About 240 people attended. Among the presenters were Jeffrey Derevensky from Canada, Tobias Hayer from Germany and Neven Ricijaš from Croatia. I presented about gambling advertising, in part based on my recent review of research into that topic.
The presentation by Neven Ricijaš made a deep impression on me. It was about youth gambling in Croatia. Ricijaš’ presentation showed how, in some social and cultural context, gambling can cause significant harm. In population studies, problem gamblers may appear as a small minority of the population (around 0,5-2 percent of adults). But among some subgroups the problems are certainly larger, and afflicts also significant others and people in the neighborhood. Neven Ricijaš’ made us aware of this in his presentation.

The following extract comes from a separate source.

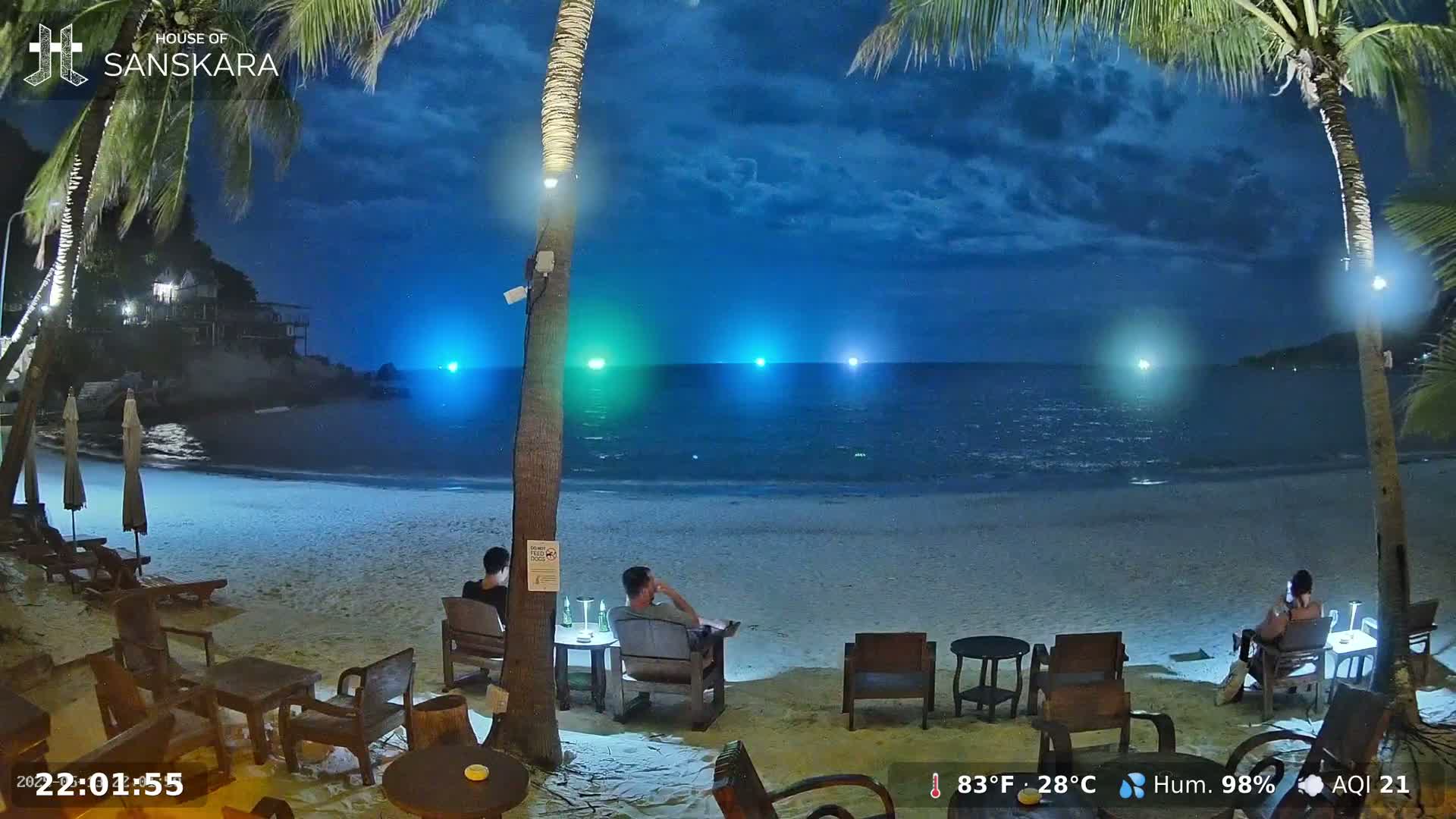 A nighttime beach scene shows several people seated at outdoor tables under palm trees, with a calm sea and a partly cloudy sky.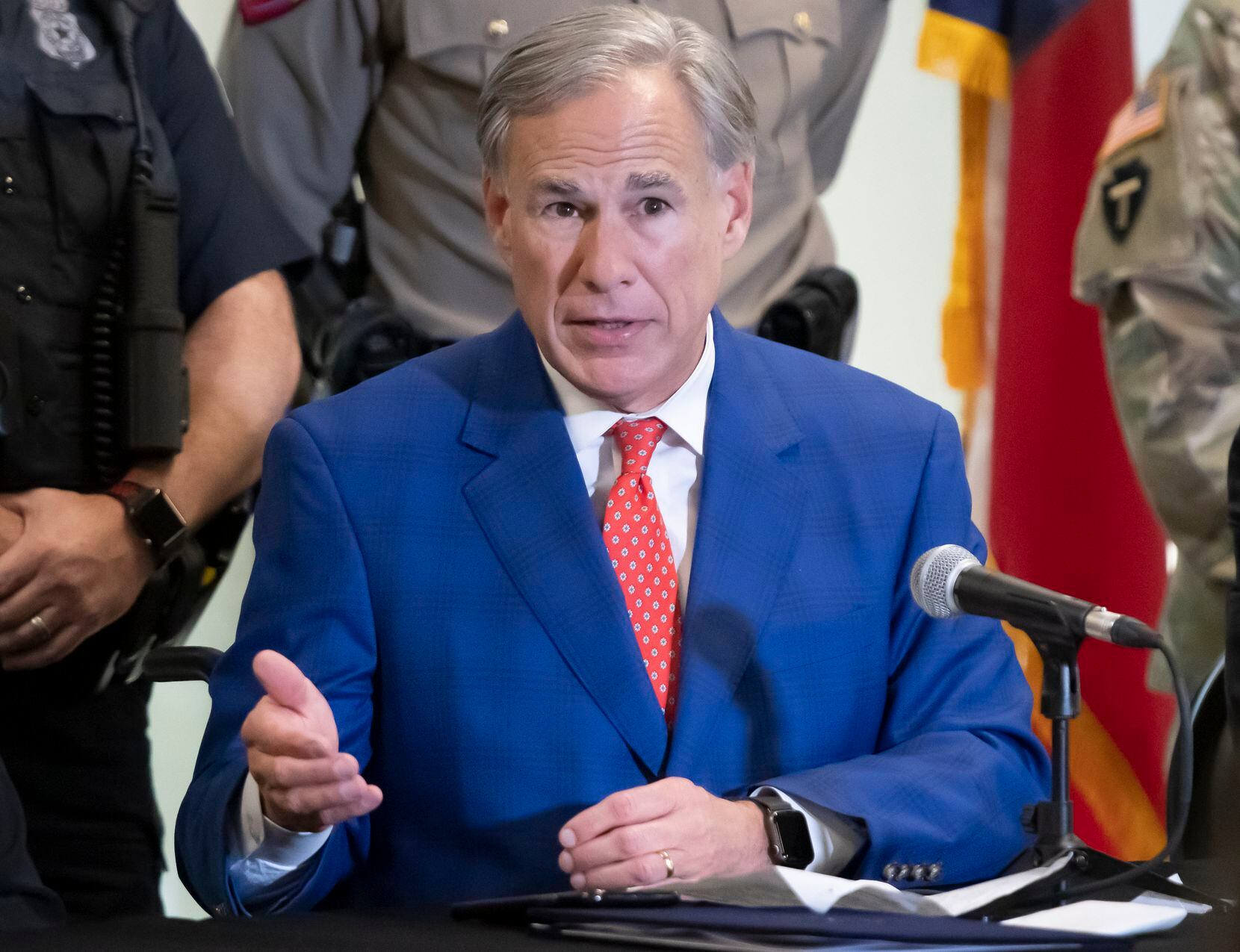 Texas Governor Greg Abbott, answers a question after signing HB9 into law during a press...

Jeffrey Derevensky presented on “Social media gambling amongst youth: Parental operator or regulatory responsibility?” This is a current issue that is very relevant to gambling studies. Tobias Hayer presented on “Online and offline sports betting: Gambling options and risk potential from the addiction psychology perspective”.
Tobias Hayer’s presentation occasioned a debate about the relative importance of skill and chance in sports betting. My opinion is that professional and semi-professional gamblers, if they have access to insider information and exceptionally extensive data on past performance, may make money on sports and horse betting. However, the ordinary player – including the sports enthusiast who know a lot about sport – has in practice very little chance of getting a positive return on pari-mutual betting. Sometimes, in their marketing, gambling companies exaggerate the importance of skill in such betting. In fixed odds betting, the well-informed player may occasionally beat the betting company by making a better prediction of the outcome of a sport event, but in the long run very few players will come out ahead.
All of the above applies to skill in the sense of making a profit from sports betting. Skill in the sense of winning often is another thing. It is very simple: always bet on the team or horse with the lowest odds and you will certainly win more often than the majority of players. It is so simple that it cannot be considered a skill.